Alparslanın  bütün evi inleten kükremesiyle Lizo hemen arkama geçip saklanmıştı.

Zaten beni ateşe itiyor sonra arkama saklanıyordu.

Hala bütün öfkesiyle bize bakan Alparslan bizden bir cevap bekliyordu.

“ne diye bağırıyorsun? Araz arkadaşım ve tabiki evime misafirliğe gelecek” dedim.

Bunu söylerken Lizo da beni dürtekledi. Sonra Fısıldıyarak konuştu.

“ eceline mi susadın sıska? Tabi olan bana olur. Heykel adam  alnımın ortasından vuracak. Ama Arazım için değer. Ona her şey feda olsun” dedi.

“kıskanıyorum ulan kıskanıyorum!!! O it buraya geldiğinde ben de burada olacağım . Seni yalnız bırakmam” dedi.

Hah beni nasıl da sinir ediyordu. Ben de ona sinirli gözlerle dik dik bakmaya başladım.

“ Arazın bana bir zararı yok. Şuan tamamen saçmalıyorsun. Daha fazla konuşmak istemiyorum seninle” dedim.

Ortamda sessizlik oluşmuştu. Lizoya gözlerim kaydığında tırnaklarını kemirerek bir bana bir Alparslana bakıyordu.

Bu sırada kapı çaldı. Yerimden kalkarak kapıyı açmaya gittim. Kapıyı açtığımda karşımda Arazı görmemle içimden küfürler ediyordum.

Şimdi Arazın gelmesinin sırası mıydı? Bugün buradan sağ sağlim çıkabilirsem ne mutluydu bana.

“ sana sürpriz yapayım dedim güzelim” dedi Araz.

Tabi arkamdaki Alparslanın varlığından habersizdim.

Araz saçlarımı karıştırarak içeriye geçerken bizi izleyen Alparslanla göz göze geldi.

Araz ilk gözlerini çeken kişi olmuştu. İçeriye geçti.

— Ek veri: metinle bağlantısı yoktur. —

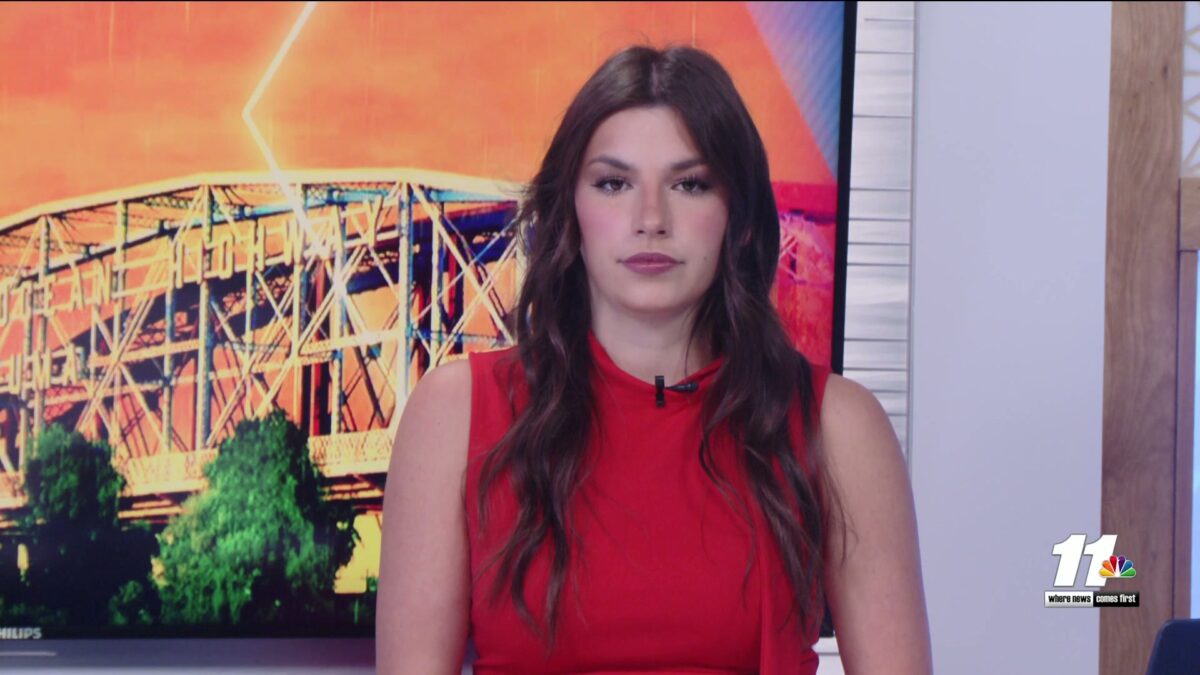 Sen. Mark Kelly visits Somerton auto shop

Alparslan ellerini yumruk yapmış bir vaziyette öylece dikiliyordu. Bana baktığında
Konuşmaya başladı.

“ sana güzelim mi dedi o? Ulan saçlarına dokundu. Onu şu kapıdan geçmeden bayıltmalıydım” dedi.

Derin bir nefes aldı. Sakinleşmeye çalışıyordu.
Hem dediklerini yapardı biliyordum.

Sıkı bir şekilde elimden tutarak beni içeriyeye yönlendirdi.

Bu arada da kendi kendine söylenmeye devam ediyordu.

Bu duruma gülmemek için dudaklarımı birbirine bastırdım.

İçeriye girdiğimizde karşılaştığım manzarayla gülmemi artık tutamadım.

Çünkü Lizo Araza tatlı yediriyordu. Araz bu durumdan hiçte memnun değildi.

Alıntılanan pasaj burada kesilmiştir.